When you find the line with "Acheter Small foot" among the records below, reproduce it and each line after it exactly, ending with the line with "Antena de radio".

DATA FOR REVIEW -
• • • •
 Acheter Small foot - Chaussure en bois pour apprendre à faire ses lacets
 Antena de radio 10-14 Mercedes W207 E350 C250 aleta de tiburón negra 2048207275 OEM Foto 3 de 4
• • • •
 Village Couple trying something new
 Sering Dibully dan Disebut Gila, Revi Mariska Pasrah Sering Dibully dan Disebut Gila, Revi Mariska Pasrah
• • • •
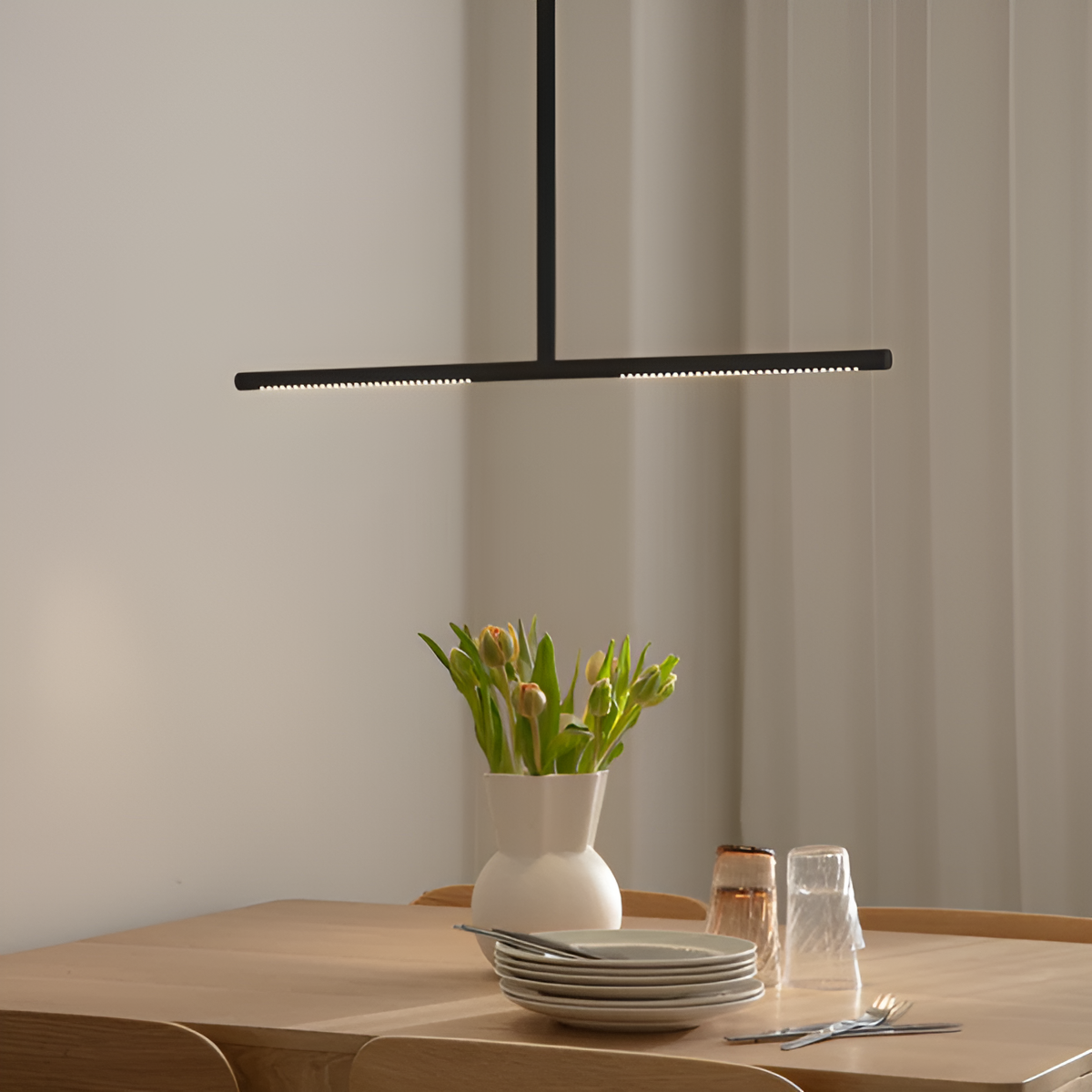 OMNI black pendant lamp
• • • •
RESULT OF THIS EXERCISE -
 Acheter Small foot - Chaussure en bois pour apprendre à faire ses lacets
 Antena de radio 10-14 Mercedes W207 E350 C250 aleta de tiburón negra 2048207275 OEM Foto 3 de 4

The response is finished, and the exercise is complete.